Hof van Cassatie 10 mei 2019
GERECHTELIJKE REORGANISATIE
Gevolgen beslissing reorganisatie - Boedelschulden - Vereisten
Schuldvorderingen uit kredietovereenkomsten kunnen gelden als boedelschulden als bedoeld in artikel 37, eerste lid, WCO indien zij voortvloeien uit nieuwe overeenkomsten of uit nieuwe opnemingen krachtens bestaande kredietovereenkomsten die worden verdergezet.
|
RÉORGANISATION JUDICIAIRE
Effets de la décision de réorganisation - Créances de masse - Conditions
Les créances découlant d'une convention de crédit peuvent être considérées comme des dettes de la masse en vertu de l'article 37, alinéa 1,LCE si elles résultent de nouvelles conventions ou des nouveaux prélèvements effectués sur la base de conventions de crédit en vigueur qui sont poursuivies.
|
KBC Bank / D.V.
Zet.: E. Dirix (sectievoorzitter als voorzitter), A. Smetryns (sectievoorzitter), K. Mestdagh, B. Wylleman en K. Moens (raadsheren) |
OM: R. Mortier (advocaat-generaal) |
Pl: Mrs. J. Verbist en B. Maes |
Zaak: C.18.0564.N |
(…)
3. Krachtens artikel 37, eerste lid van de wet van 31 januari 2009 betreffende de continuïteit van de ondernemingen (hierna: WCO), zoals van toepassing, gelden de schuldvorderingen van een medecontractant die betrekking hebben op prestaties uitgevoerd tijdens de procedure van gerechtelijke reorganisatie als boedelschulden in een navolgende vereffening of faillissement in zoverre er een nauwe band bestaat tussen de beëindiging van de reorganisatieprocedure en die collectieve procedure.

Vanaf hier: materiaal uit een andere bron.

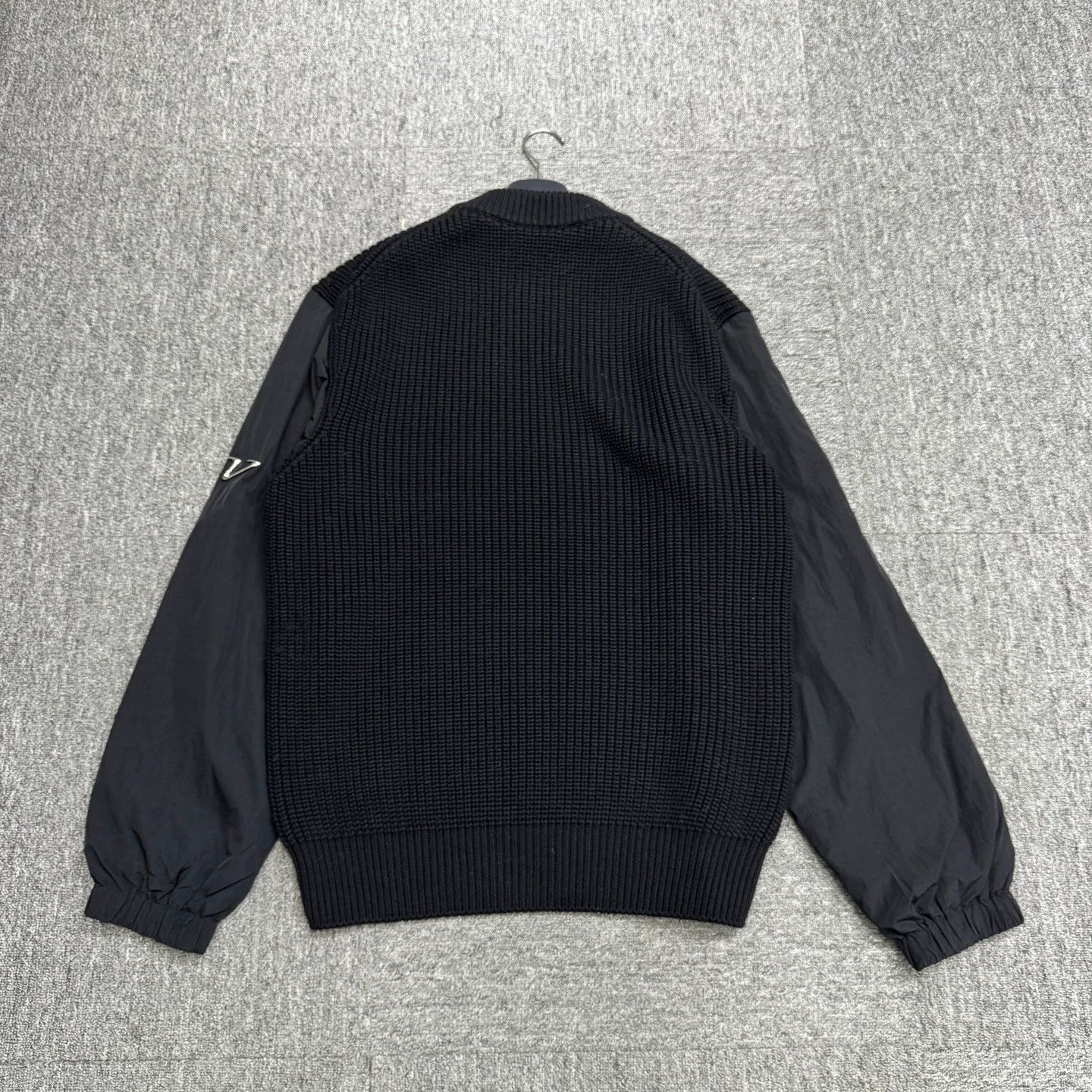 Louis Vuitton LV 2054 Nylon-Wool Knit Sweater XL 98 New (No Tag, Snags) Size US XL / EU 56 / 4 - 5 Thumbnail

Deze bepaling strekt ertoe het in stand houden van bestaande en het aangaan van nieuwe contractuele verhoudingen aan te moedigen en het krediet van de schuldenaar te versterken ten einde de continuïteit van de onderneming veilig te stellen.
Boedelschulden zijn in het faillissement niet aan de samenloop onderworpen en worden bij voorrang boven de andere schulden voldaan. Aangezien boedelschulden afbreuk doen aan de gelijkheid tussen schuldeisers dienen zij beperkend te worden geïnterpreteerd.
Uit het vorenstaande volgt dat schuldvorderingen uit kredietovereenkomsten kunnen gelden als boedelschulden als bedoeld in artikel 37, eerste lid WCO indien zij voortvloeien uit nieuwe overeenkomsten of uit nieuwe opnemingen krachtens bestaande kredietovereenkomsten die worden verdergezet.
4. Uit de stukken waarop het Hof vermag acht te slaan, blijkt dat:
- de schuldenaar (hierna: de vennootschap) op 3 mei 2011 werd toegelaten tot de procedure van gerechtelijke reorganisatie;
- de vennootschap op 15 november 2011 werd failliet verklaard;
- de eiseres aangifte deed van haar schuldvordering die gewaarborgd is door een pand op de handelszaak;
- de verweerder aangifte deed van een schuldvordering ten belope van 233.366,68 EUR met betrekking tot de terugbetaling door de verweerder als borg van een “Business Krediet” dat de ING Bank op 1 augustus 2011 had toegestaan aan de vennootschap;
- de verweerder ter zake aanspraak maakt als gesubrogeerde schuldeiser in de rechten van ING Bank op de kwalificatie van de schuldvordering als boedelschuld;
- dit “Business Krediet” heeft gediend voor de terugbetaling van een eerder kaskrediet verstrekt aan de vennootschap door ING Bank waarvoor meermaals aanmaningen werden verstuurd tot en met maart 2011;
- de eiseres betwist dat de schuldvordering van de verweerder kan beschouwd worden als een boedelschuld op grond van artikel 37 WCO aangezien het “Business Krediet” weliswaar na de opening van de reorganisatieprocedure werd toegestaan, maar diende om het eerdere kaskrediet terug te betalen.
5. De appelrechters die vaststellen dat het door ING Bank verleende krediet in wiens rechten de verweerder is gesubrogeerd, dateert van na de opening van de reorganisatieprocedure en oordelen dat het ter zake zonder belang is of dit krediet diende tot herfinanciering van een voor de opening van de procedure toegestaan krediet, zodat de schuldvordering van de verweerder geldt als boedelschuld in het latere faillissement krachtens artikel 37 WCO aangezien niet de voorwaarde kan worden gesteld dat aan de vennootschap nieuwe financiële middelen werden ter beschikking gesteld, verantwoorden hun beslissing niet naar recht.